Nearly every story, blog, or article about FCoE says that you have to be running TRILL, SPB, or something like it--yes, I have made that claim as well-- so that you can have an efficient mesh network where traffic flows--a unidirectional stream of packets--follow the same path through the network and arrive at the destination in the correct order. Unlike other protocols Fibre Channel--aka SCSI in a frame--doesn't like data arriving out of order.
By using shortest path, we can ensure that the latency is reduced, since fewer hops mean less delay and if there is a change in the network topology, we can find the next best path. That kind of design assumes you have a mesh or somewhat meshed network where there are multiple paths through the network and no way to manage the flows. Lower level protocols, the data center bridging protocols, will handle the lossless networking.
All network vendors today support multi-chassis link aggregation, which is based on the IEEE 802.3AX-2008 (the original LAG standard was 802.3ad) Link Aggregation (LAG) standard. LAG allows you to bond two or more physical links into a logical link between two switches or between a server and a switch. Since LAG introduces a loop in the network, Spanning Tree has to be disabled on the LAG ports. LAG doesn't double the capacity, which Ethan Banks points out in The Scaling Limitations of Etherchannel -Or- Why 1+1 Does Not Equal 2 because LAG implementations place traffic on links based on flows, not packets. This is done so that packet order is preserved end to end and to remove the possibility of packet duplication--two design requirements of 802.1AX-2008. The algorithm that determines which flows go to a specific link should be designed well enough to evenly distribute the load across all available links, but there is no way to predetermine how long a flow will last or how big the frames will be.

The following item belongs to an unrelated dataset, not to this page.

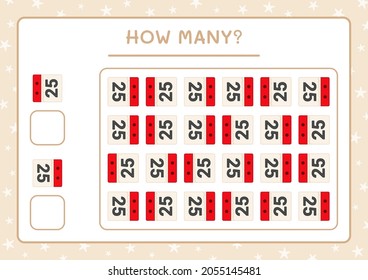 How many christmas calendar, game for children. Vector illustration, printable worksheet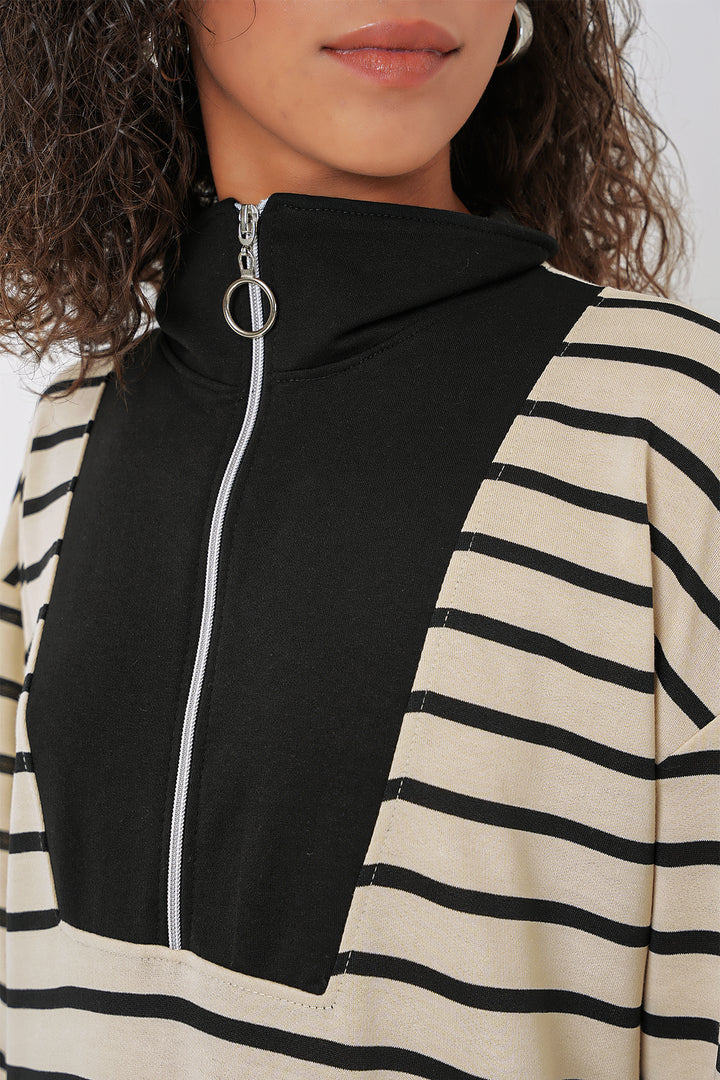 BGD Women Women's Zipper Detail Striped Long Dress - Black - Palermo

Standard LAG is only between two peers. Multi-Chassis LAG is proprietary. Ivan Pepelnjak has a short run down of MLAG and fabric features from Brocade, Cisco, HP, and Juniper. Suffice it to say that the MLAG features look nearly the same, but switches from multiple vendors won't interoperate with MLAG. What is interesting is that MLAG systems all share a common trait--no more than two core switches.